Friday, April 17, 2015

Democracy (Joan Didion, 1984)

So far I've enjoyed plowing through the Novels for Students (NFS) series in a way that the authors completely never intended in that I'm not actually reading those books (which mainly help teachers to "teach the book"), but using it as a guideline for what to read that may be considered a "classic". The result is a random-yet-not-random assortment of books I normally never would read by my own free will. Democracy not only fits the description, but has also, over the years, become sort of an obscurity in itself. Bear in mind that the third volume of the NFS series was published in 1998, when Democracy was only 14 years old and, until only a couple years earlier, remained Didion's last novel. (NB: The Year of Magical Thinking, still six years into the future, is nonfiction.)

As was the case with Annie John and some others, the NFS series tries to incorporate a certain amount of more recent literature, probably for schools with the luxury of getting beyond the dusty basics of your plain American or World Literature courses. The 1980's is still a fairly gray area as far as what is destined for classic status and what is not, especially in non-genre literature. The Modern Library 100 Best Novels of the 20th Century stops chronologically with Ironweed from 1983 and don't think the 1980's got much more representation than that.

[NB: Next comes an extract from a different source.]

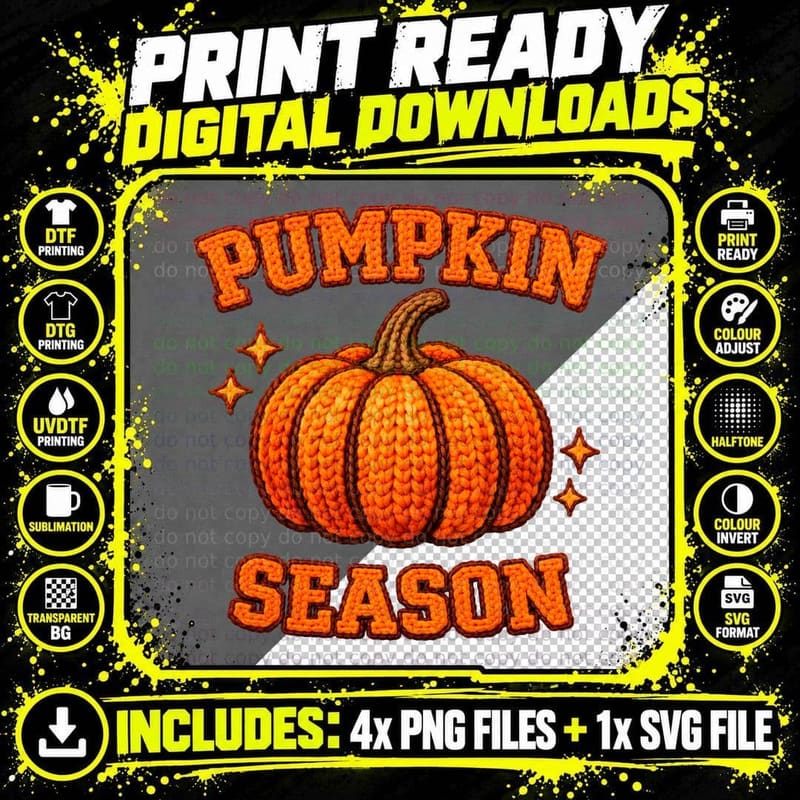 Multiple Pattern Pumpkins Bows Fall T-Shirt Png SVG Digital Bundle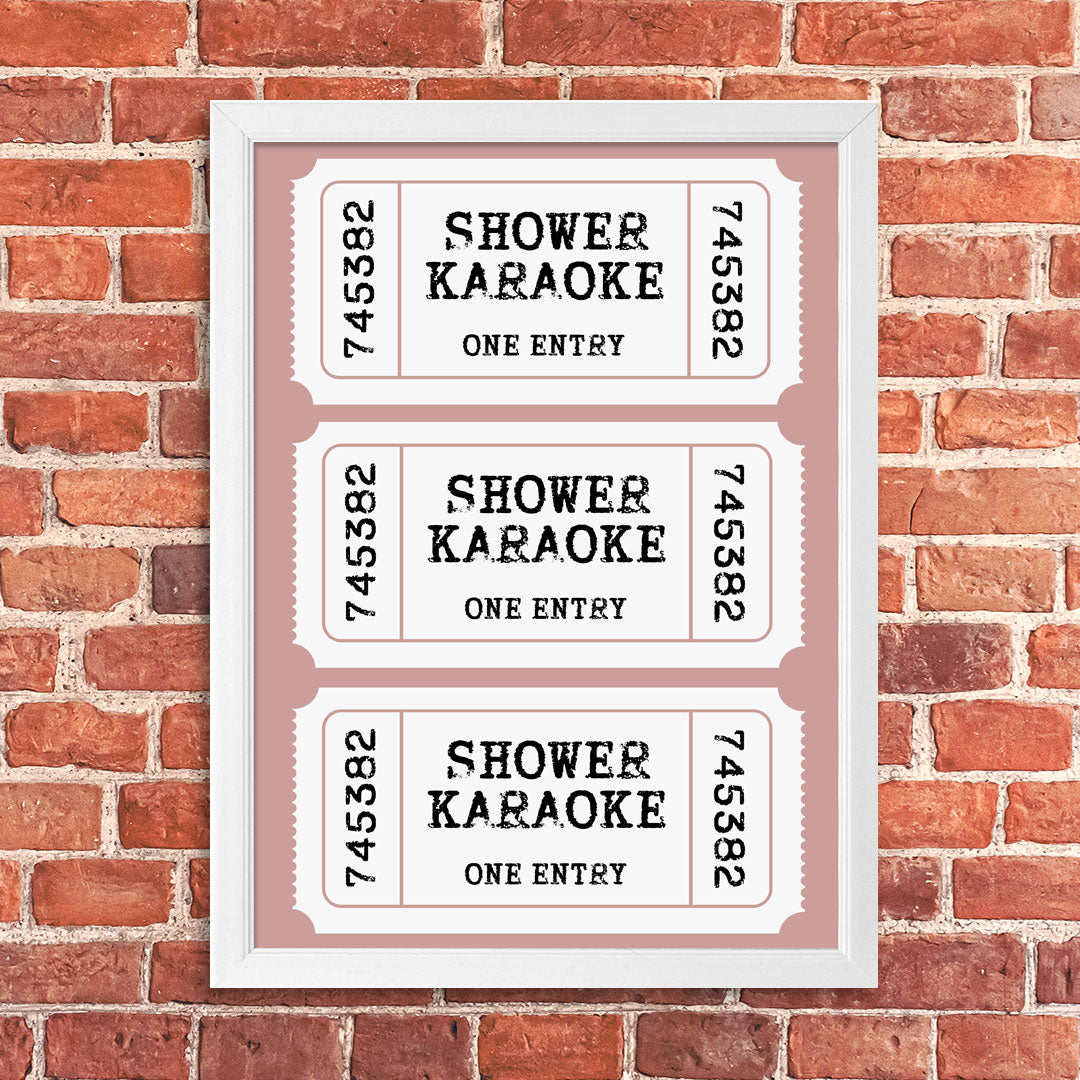 Tablou Shower Karaoke Ticket, A3, 42x30cm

While I have the utmost respect for Didion, and I find her writing style intriguing, the sad truth is that Democracy hasn't aged all that well in the 21st century. This may explain why in all of the public libraries in San Mateo County, there was just one copy available for circulation. In fact, I had to check my spreadsheet to make sure it wasn't some other Democracy that made the list. I'm not exactly sure why the book sort of dropped off the radar in recent years, but perhaps more recent wars have clouded the American memory of the last days of Vietnam. On the other hand, we certainly haven't lost our national interest in the rich, famous, and powerful, especially when it all blows up in their faces. A lot of the reviews of this book I've seen express frustration at the "disassembled" narrative, which bounces about chronologically anywhere from 1945 to 1976 and frequently changes tenses, with the "I" being owned immediately as Joan Didion herself, not a surrogate "author". Yet I didn't find the book to be slow going at all. I think the secret may lie in just rolling with the changes, almost like a stream of consciousness rather than approaching it as "cinema in the mind's eye" which is so easy to do with straight narrative pieces.

So, is Democracy as classic? I think at one time it was, but it's importance ultimately turned out to be short-term. If you decide to read it, just keep this all in mind.